At first glance, China Mobile has got the booby prize. The company will face renewed competition from its rivals and has just tiny Tietong to show for the restructuring. China Mobile will also someday receive a license for TD-SCDMA, China’s shaky domestic 3G standard. With average per capita revenues already declining in the 2G market as subscriber growth shifts to thrifty rural customers, this seems a poisoned chalice.
Nevertheless, China Mobile still has 400 million subscribers, five times that of its nearest post-reorganization competitor. This makes it the only operator with a chance of taking TD-SCDMA mainstream, a calculation that will not have escaped TD-obsessed mandarins.
China Unicom breaks even. It gives up a CDMA network and in return gets China Netcom, which boasts 108 million landline and data subscribers. Of all the major deals, this one looks the most complementary, potentially creating a balanced company with real opportunities to cross-market and bundle services.

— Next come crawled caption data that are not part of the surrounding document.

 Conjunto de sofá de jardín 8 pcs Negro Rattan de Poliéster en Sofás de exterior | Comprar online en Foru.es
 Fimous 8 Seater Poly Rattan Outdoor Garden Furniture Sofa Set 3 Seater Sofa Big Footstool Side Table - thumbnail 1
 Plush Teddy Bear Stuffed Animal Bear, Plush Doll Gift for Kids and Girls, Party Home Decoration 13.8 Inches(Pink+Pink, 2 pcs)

China Telecom looks like the big winner. Although it may be overpaying for Unicom’s CDMA network, China Telecom is planning the kind of CDMA marketing drive that Unicom never bothered with, and its huge landline subscriber base will be a good foundation.

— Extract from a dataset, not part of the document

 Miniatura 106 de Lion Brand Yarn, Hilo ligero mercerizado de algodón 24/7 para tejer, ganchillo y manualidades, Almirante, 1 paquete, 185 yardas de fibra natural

The outlook is hazier for investors. China Mobile, China Telecom and China Unicom are all listed in New York and success will ultimately hinge on how they manage complex mergers and capitalize on new opportunities. Worryingly, the reorganization does little to improve the carriers’ abilities to expand overseas, where the best growth potential may lie.
Also in limbo are the most important but often overlooked parties to the reorganization: China’s telecom consumers. Although better than many state-owned operators elsewhere in the world – service is cheap and accessible, handsets are not locked to specific carriers – China’s telecom giants still lack innovation and trail international standards. 3G is limited to demonstration networks and licensing remains “a few months away,” as it has been for years.
No sea change
In the best central planning tradition, the reorganization was really undertaken for the benefit of the carriers and regulators. It re-consolidates companies spun off in prior reorganizations done between 1998 and 2002. Competition is only marginally increased. Three landline and two mobile operators will become three combination landline and mobile operators. This is not a revolution in choice.
The most certain beneficiaries will be China’s domestic network equipment makers, ZTE and Huawei. They will profit as the reorganized carriers upgrade networks and eventually shift to 3G. As with every gold rush, the shovel salesmen do best.
A simpler way to ignite real progress and spread the benefits to the dialing masses would be to issue 3G licenses to both the incumbents and a few new competitors, including foreign ones. Forcing the major mobile operators to license capacity to mobile virtual network operators might also help. Unfortunately, such a wide-open approach still terrifies China’s regulators.
On the bright side, you can expect another centrally planned reorganization five or six years hence.